What is Bitcoin?
Bitcoin is a virtual currency (in a subset known as a cryptocurrency). Virtual, because it exists primarily online, and a currency, because it's supposed primary purpose is to purchase goods or services. Developed in a 2008 paper by Satoshi Nakamoto (who may or may not actually exist), the currency is unregulated and decentralized.

Bitcoin is unregulated, meaning that there is no central authority creating new bitcoins. However, it is partially regulated by the algorithm by which new Bitcoins are produced. With regular, national currencies, the federal government prints or mints more money in order to regulate inflation and deflation. By doing so, they can regulate the buying power of their currency to optimize international trade and the domestic economy. However, when government printing goes awry, hyperinflation can occur (or some sort of deflation that's bad for the economy, but I don't know the term for that). Government regulation allows for currencies to be more stable, having the same buying power day to day, but also puts the value of your buck in an entity's hand. Without an entity to control the production of new Bitcoins, it is unlikely that Bitcoin experiences runaway hyperinflation, but it is also less stable.

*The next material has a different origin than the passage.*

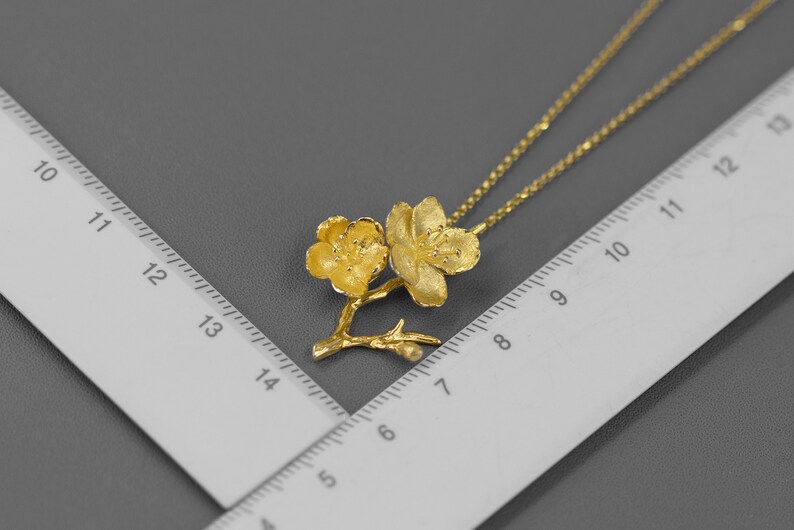 Sakura Flower Necklacesterling Silver Flower Twig Etsy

Bitcoin is decentralized, meaning that there is no single server that hosts the data. Instead, all transactions of Bitcoin are sent to everyone running a Bitcoin server and are permanently stored. Server data across all computers are compared and corrected for consistency, ensuring that all clients have the most up-to-date information.

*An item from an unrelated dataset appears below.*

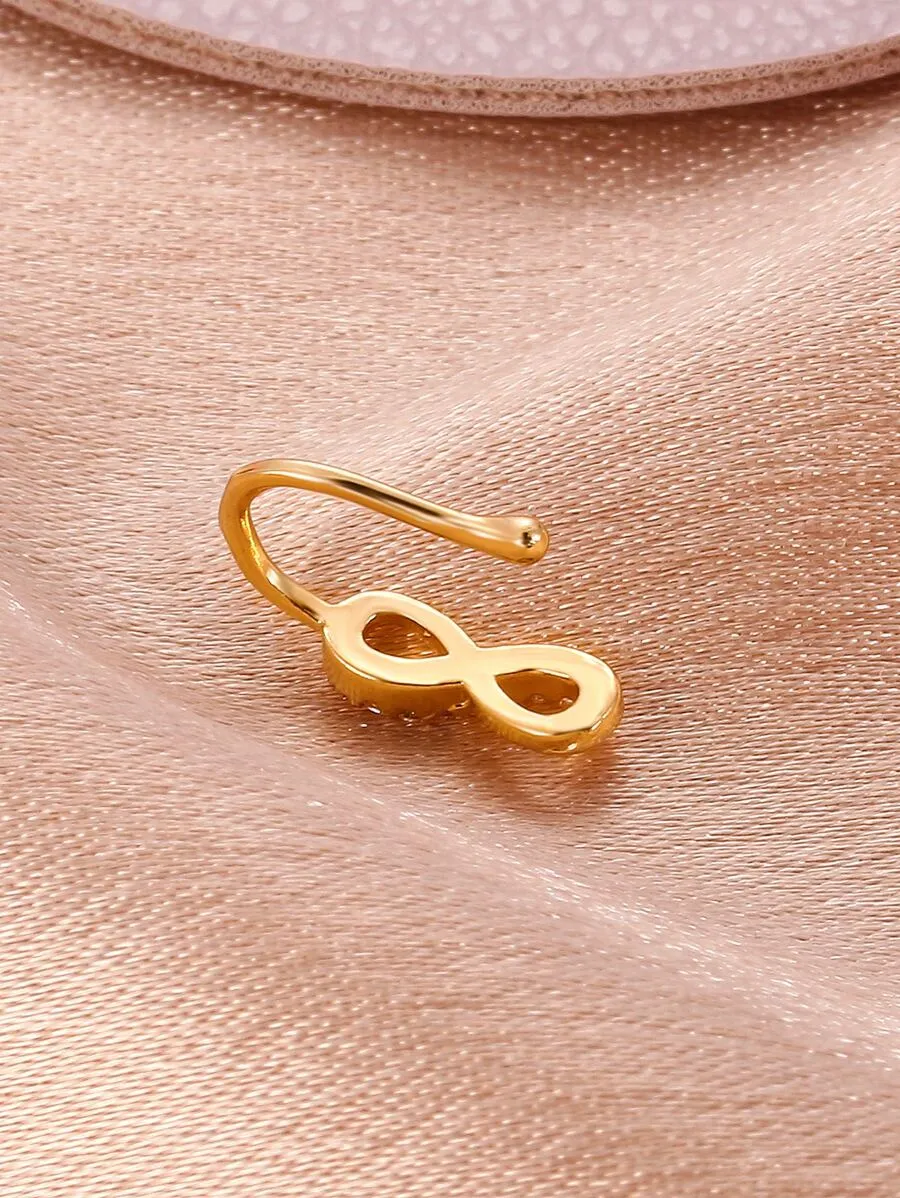 Rhinestone Infinity Decor Nose Cuff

As every transaction is stored, Bitcoins can be stored in wallets, whose value can be easily corroborated by tracing the transactions stored on the servers. These trails are created for each bitcoin (or part thereof), so one can trace the origin of the bitcoin, as well as every single wallet it passed through, on the way to your wallet.

Transactions are done using a public-key/private-key method, which ensures that only the owner of the wallet has access to the Bitcoins stored inside.


The Algorithm

The Bitcoin algorithm is based off cryptographical hashing, a way of encoding data that is easy to do one way but difficult to reverse. The most recent transactions are placed into a block and appended to the blockchain (the master chain of blocks), but each block also includes a hash, which, when solved, provides the one who broke the hash with a set amount of Bitcoin. The information that the block has been solved is then propagated through all of the clients so that everybody knows that the block is solved (or mined), so that nobody works on already-mined blocks.

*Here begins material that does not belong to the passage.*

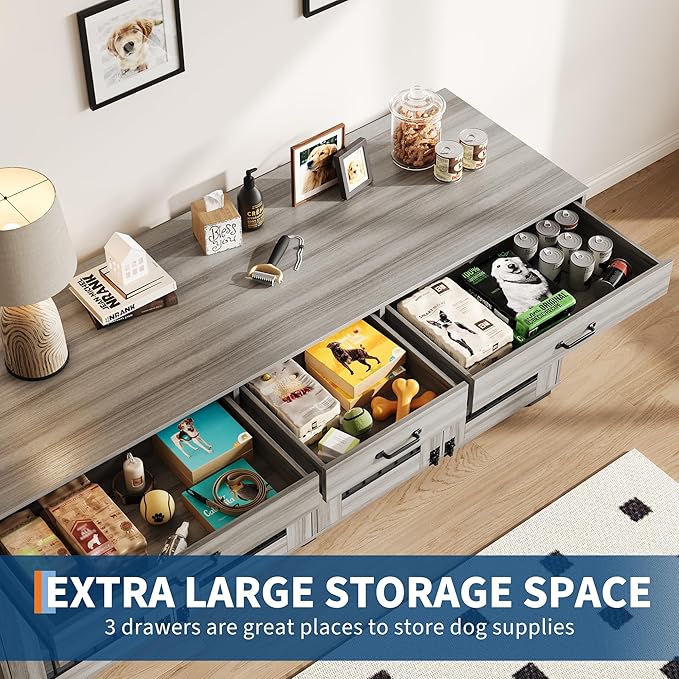 71 Inch Dog Crate Furniture for 2 Rooms, Wooden Double Crate Large Breed with Door, Dog Kennel Indoor, TV Stand End Table with Divider for Large Medium Dogs,Grey-PurrikoPets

A new block is added to the blockchain approximately once every ten minutes, and the difficulty of the hash is dynamically adjusted to be approximately six blocks solved per hour. The number of Bitcoins in each block is halved approximately once every four years, to prevent runaway inflation of the currency as more people begin mining.


Current Events

Although made as a currency, Bitcoin seems to have adopted the role of a commodity in the markets, and can be more comparable to gold, whose price is driven by speculators moreso than its actual usage value. Currently used as a currency on only a few major websites, and a few illegal ones, Bitcoin has not seen widespread usage in the marketplace. A single Bitcoin ATM exists in Vancouver, Canada, with a few more planned along the way.

However, as of today, Bitcoin prices have jumped 100%, from $400 to $800, possibly due to the US Congressional Senate hearing where they supported the legitimacy of Bitcoin for financial services.